■ Recorded data ■
========
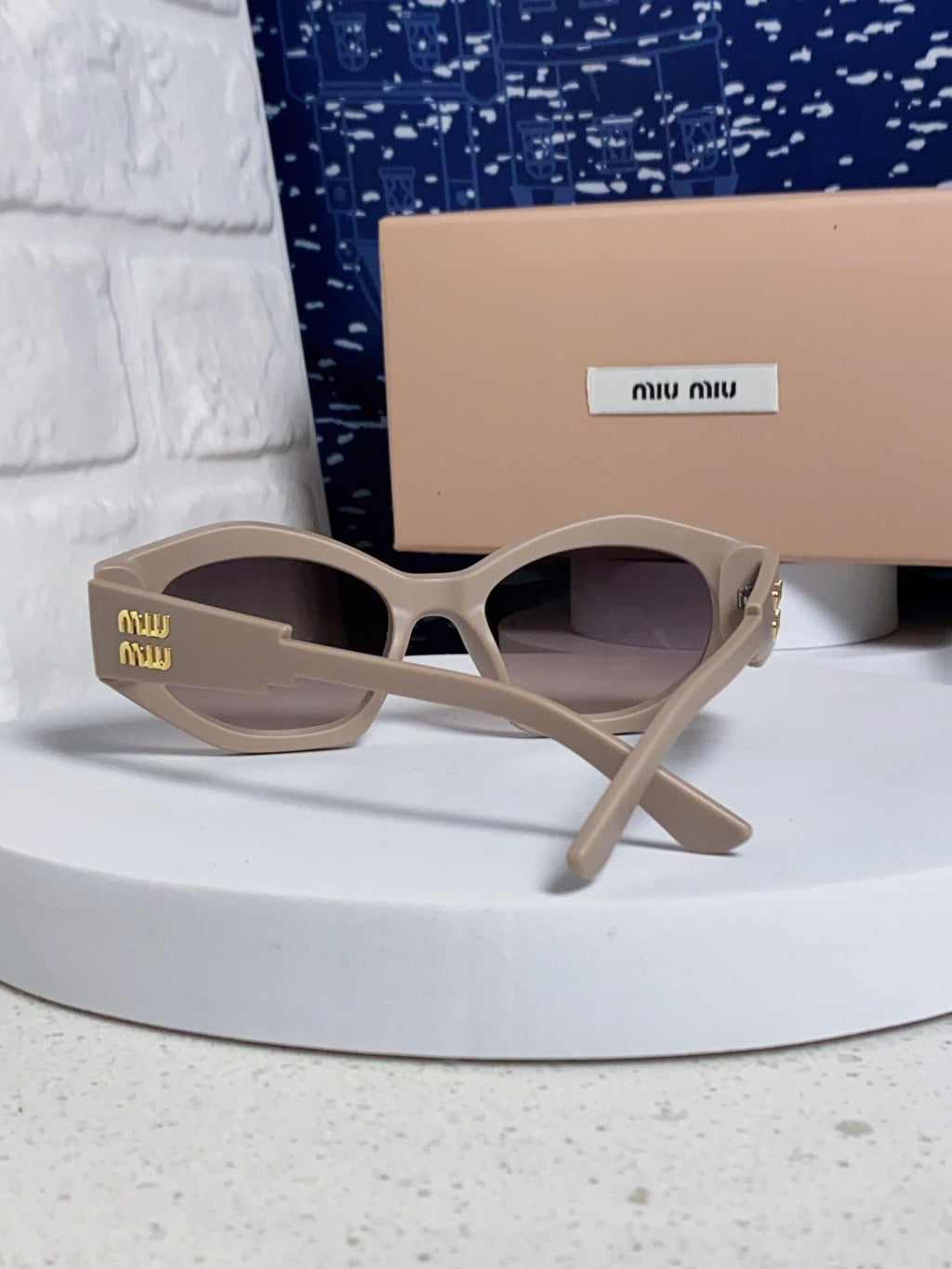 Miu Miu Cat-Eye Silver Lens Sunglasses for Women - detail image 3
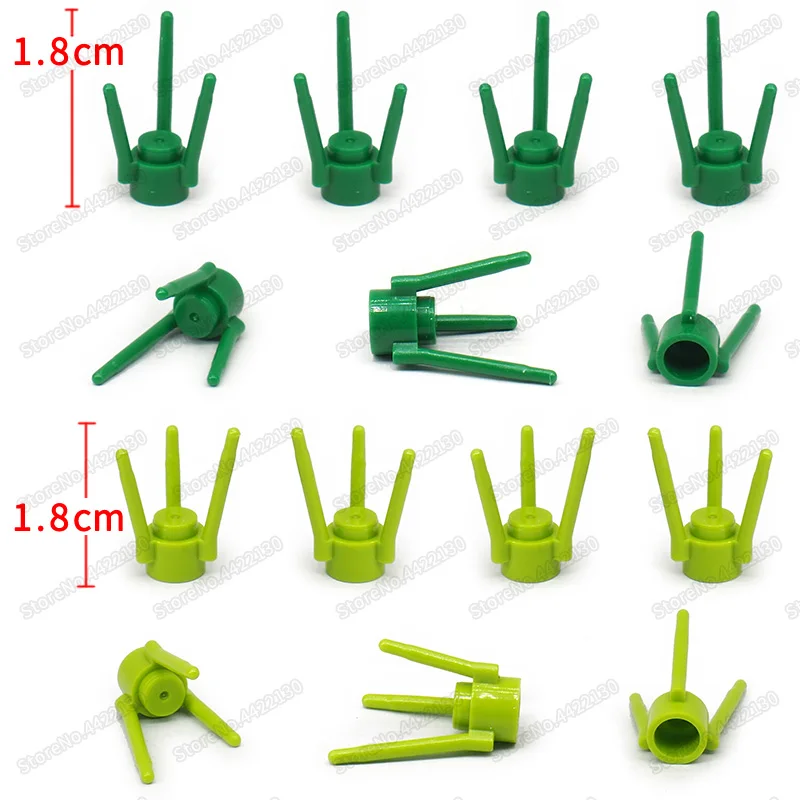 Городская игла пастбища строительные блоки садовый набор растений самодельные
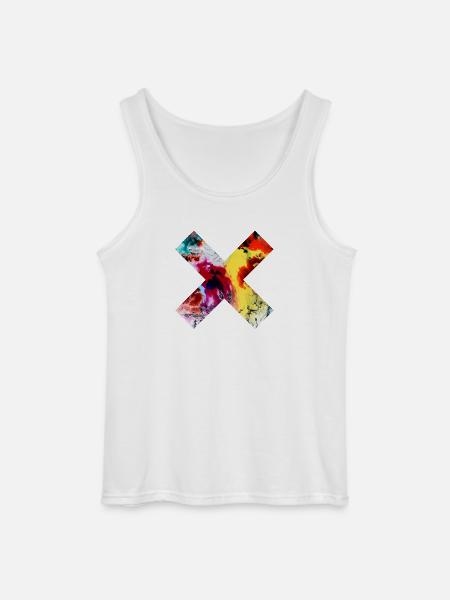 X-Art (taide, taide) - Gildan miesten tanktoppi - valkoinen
========
■ Aim of the task ■
Please copy out the whole listing exactly, minus its pictures.

■ Result below ■
 Miu Miu Cat-Eye Silver Lens Sunglasses for Women - detail image 3
 Городская игла пастбища строительные блоки садовый набор растений самодельные
 X-Art (taide, taide) - Gildan miesten tanktoppi - valkoinen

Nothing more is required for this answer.